■ **STUDY MATERIAL**:
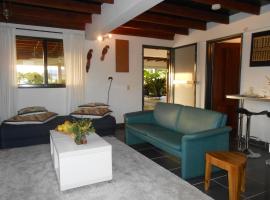 Hotel Photo: Palm Village 134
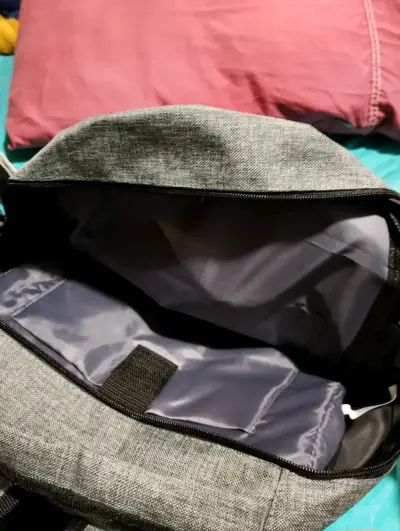 Mochila gris con detalles negros - miniatura 3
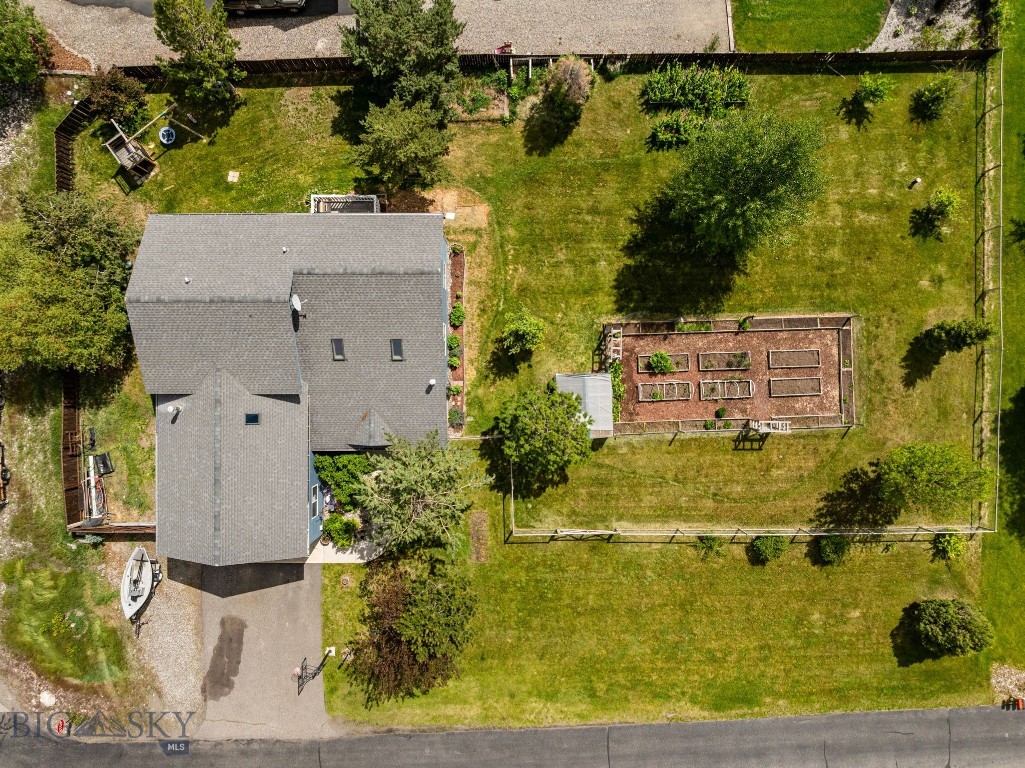 Four Dot Meadows - Residential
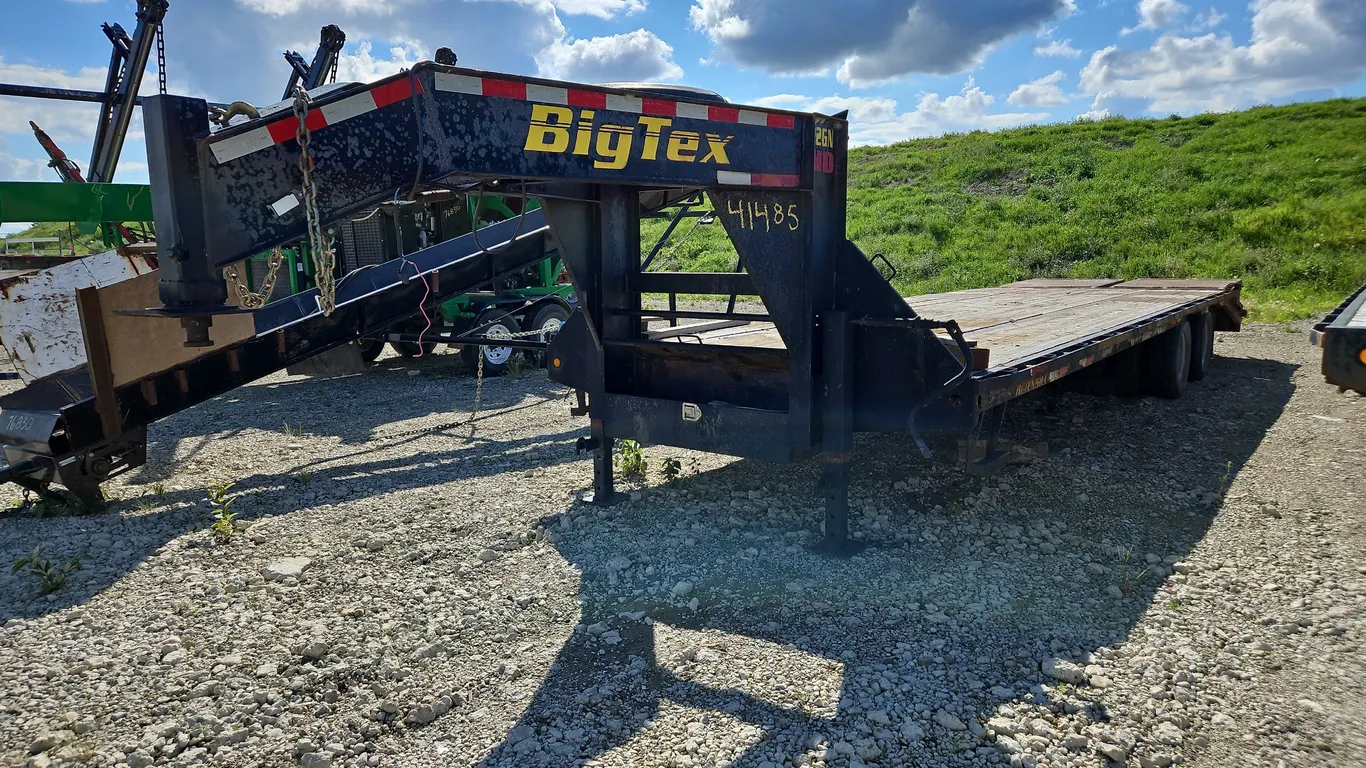 2015 Big Tex 22GN-25BK-5MR T/A 25ft Gooseneck Equipment Trailer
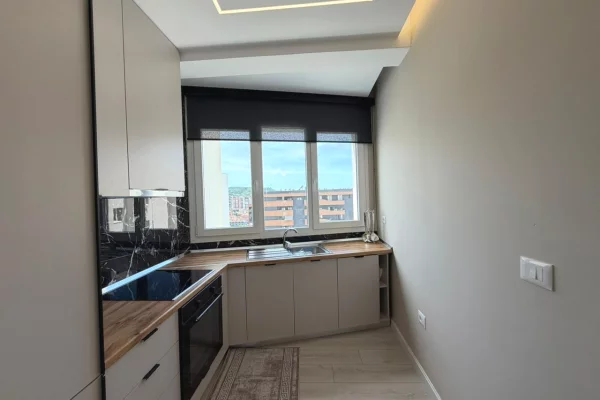 Shtepi ne shitje Apartament ne Tirane, 3+1, Mobilimi Pjeserisht e mobiluar, Pagesa 280,000  Euro.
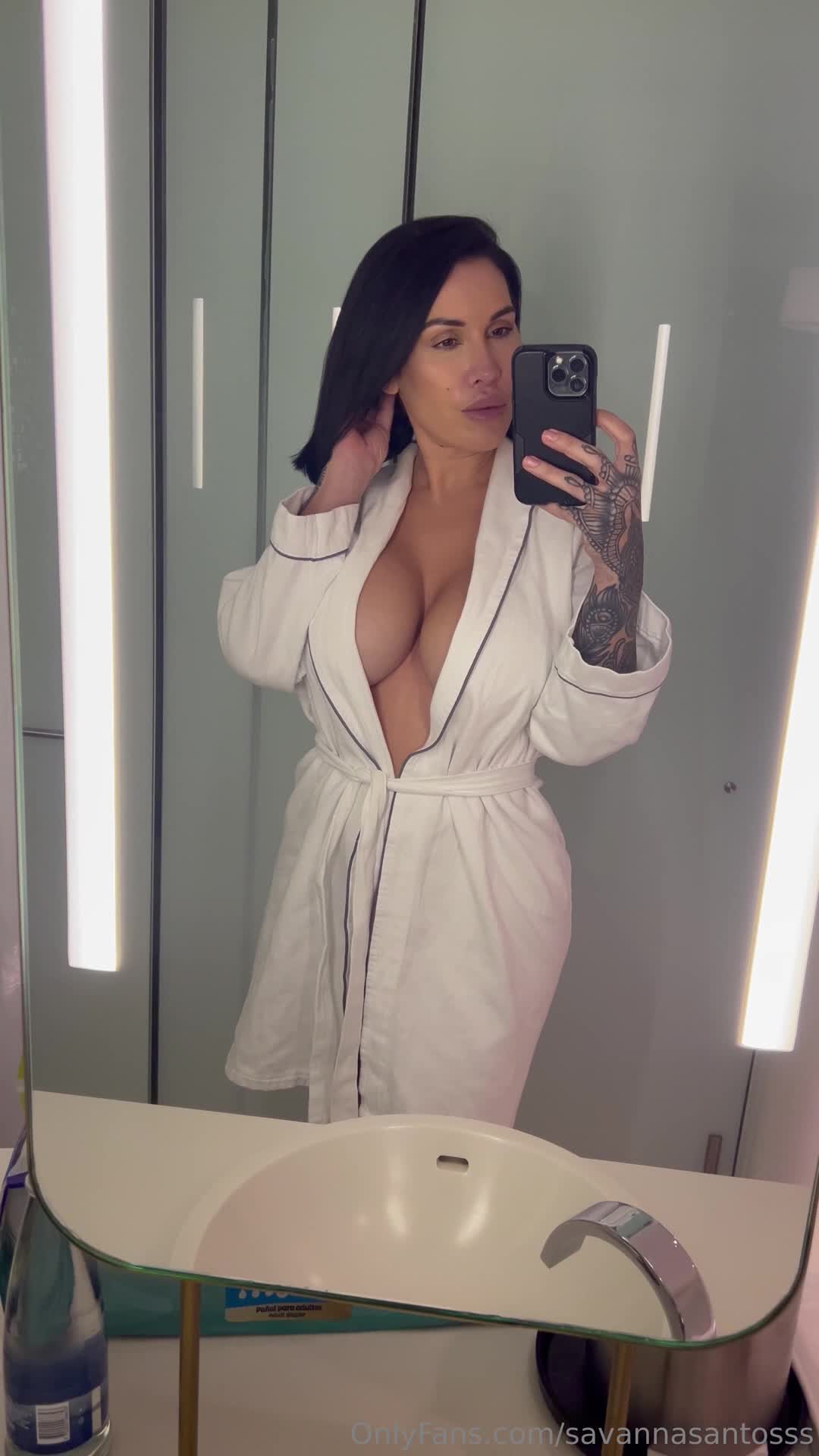 Video 1034627 from Savanna Santos / queen_rehm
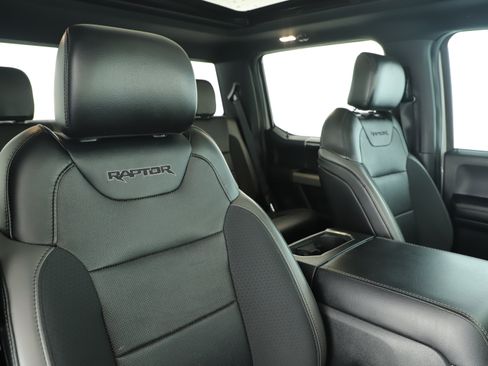 Used 2019 Ford F150 Raptor w/ Equipment Group 802A Luxury AWD/4WD image 13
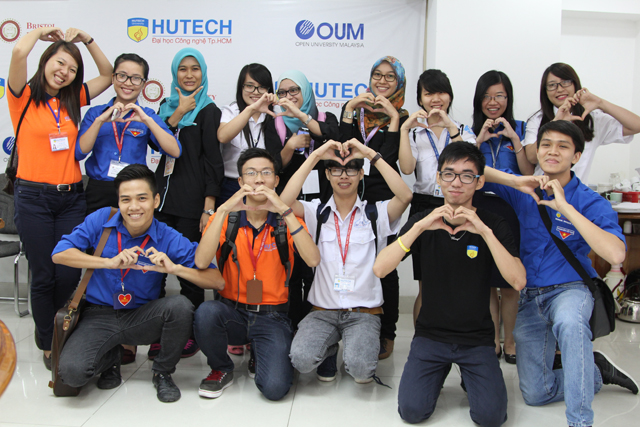 ĐH Pahang (Malaysia) tìm hiểu về hoạt động của Đoàn Thanh niên và Hội Sinh viên HUTECH 47
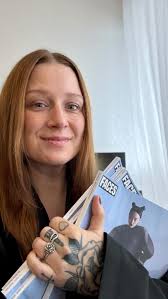 fazmagazin⁠ ⁠ Photography: Eva Baales @evabaales⁠ Stylist: Leonie Volk  @leonievolk⁠ Text: Dr. Reiner Burger⁠ Talent: Ute Lemper @utelemper⁠  Executive Producer: Ronja Prinz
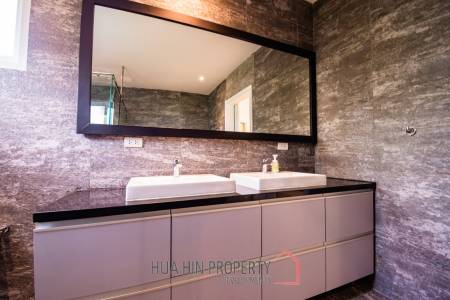 3 bed 3 bath 285.3 SQ,M Black Mountain Golf Course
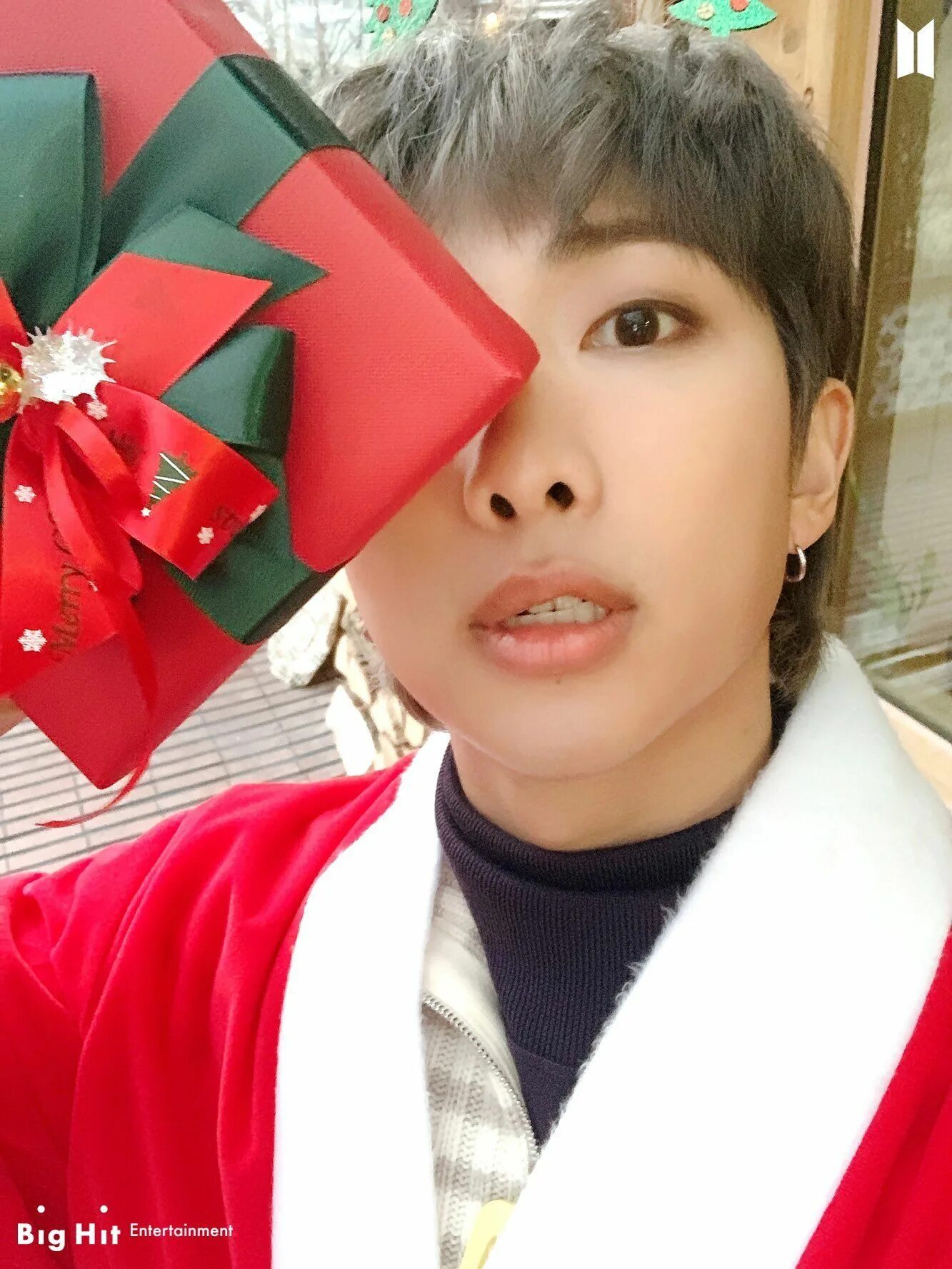 Что нового у бтс. Новогодние БТС 2021. BTS Merry Christmas 2019 Чонгук. BTS новые. БТС Рождество Чонгук.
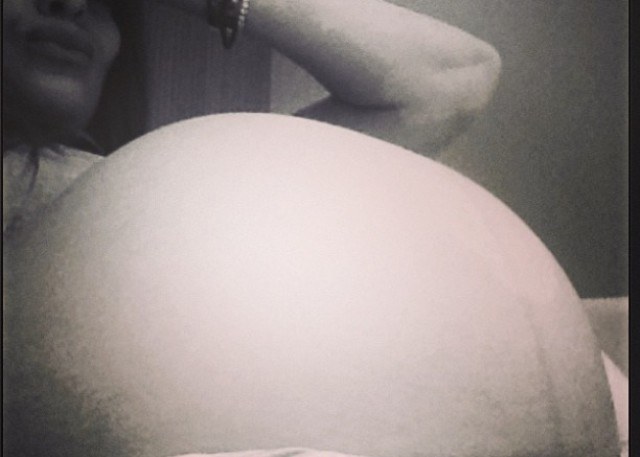 Juliana Paes exibe barrigão: "Acho que vou explodir!"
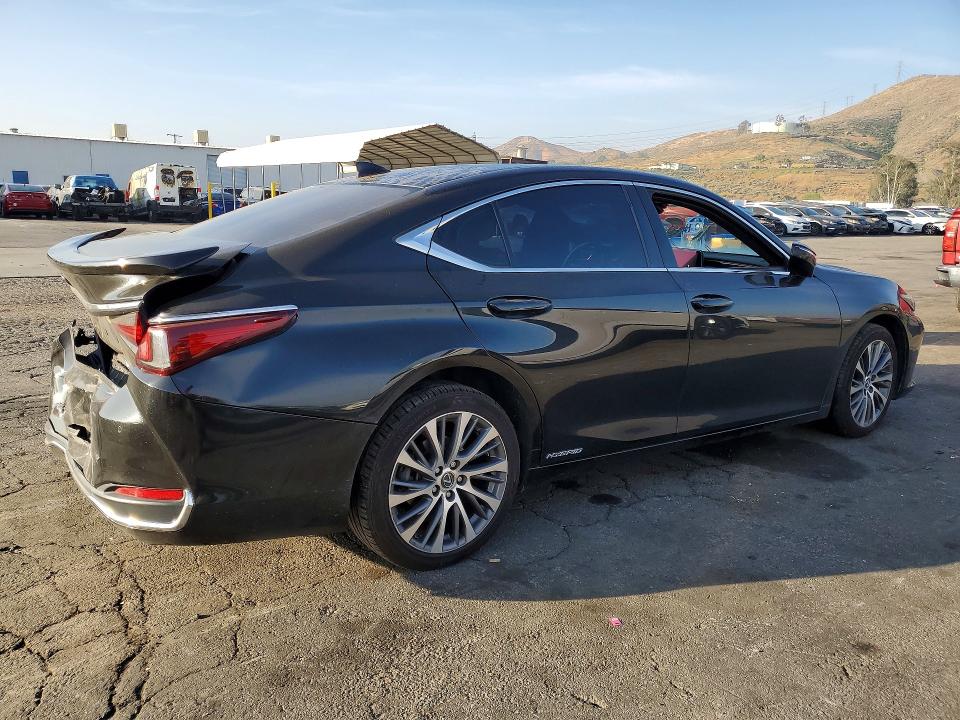 2021 Lexus ES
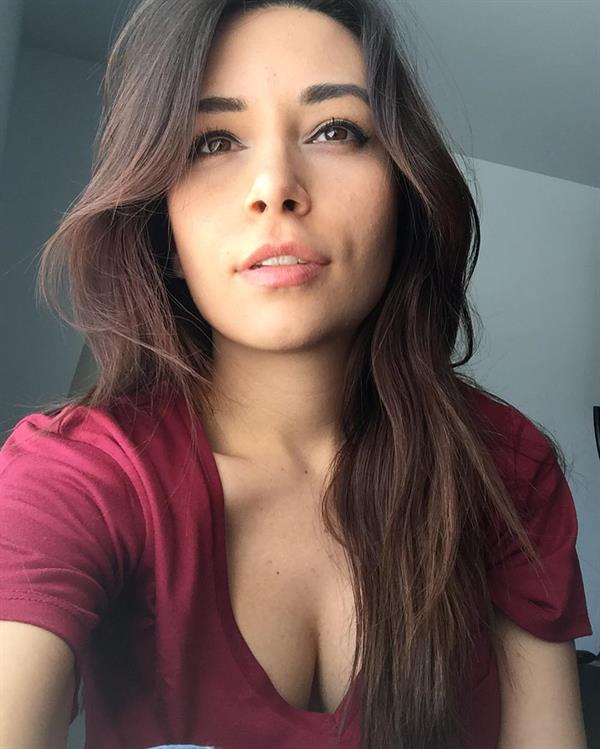 Alinity Divine taking a selfie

■ **REQUIREMENT**: Copy out the full material exactly. Pictures should not appear in it.

■ **REPLY TO THE EXERCISE**:
 Hotel Photo: Palm Village 134
 Mochila gris con detalles negros - miniatura 3
 Four Dot Meadows - Residential
 2015 Big Tex 22GN-25BK-5MR T/A 25ft Gooseneck Equipment Trailer
 Shtepi ne shitje Apartament ne Tirane, 3+1, Mobilimi Pjeserisht e mobiluar, Pagesa 280,000  Euro.
 Video 1034627 from Savanna Santos / queen_rehm
 Used 2019 Ford F150 Raptor w/ Equipment Group 802A Luxury AWD/4WD image 13
 ĐH Pahang (Malaysia) tìm hiểu về hoạt động của Đoàn Thanh niên và Hội Sinh viên HUTECH 47
 fazmagazin⁠ ⁠ Photography: Eva Baales @evabaales⁠ Stylist: Leonie Volk  @leonievolk⁠ Text: Dr. Reiner Burger⁠ Talent: Ute Lemper @utelemper⁠  Executive Producer: Ronja Prinz
 3 bed 3 bath 285.3 SQ,M Black Mountain Golf Course
 Что нового у бтс. Новогодние БТС 2021. BTS Merry Christmas 2019 Чонгук. BTS новые. БТС Рождество Чонгук.
 Juliana Paes exibe barrigão: "Acho que vou explodir!"
 2021 Lexus ES
 Alinity Divine taking a selfie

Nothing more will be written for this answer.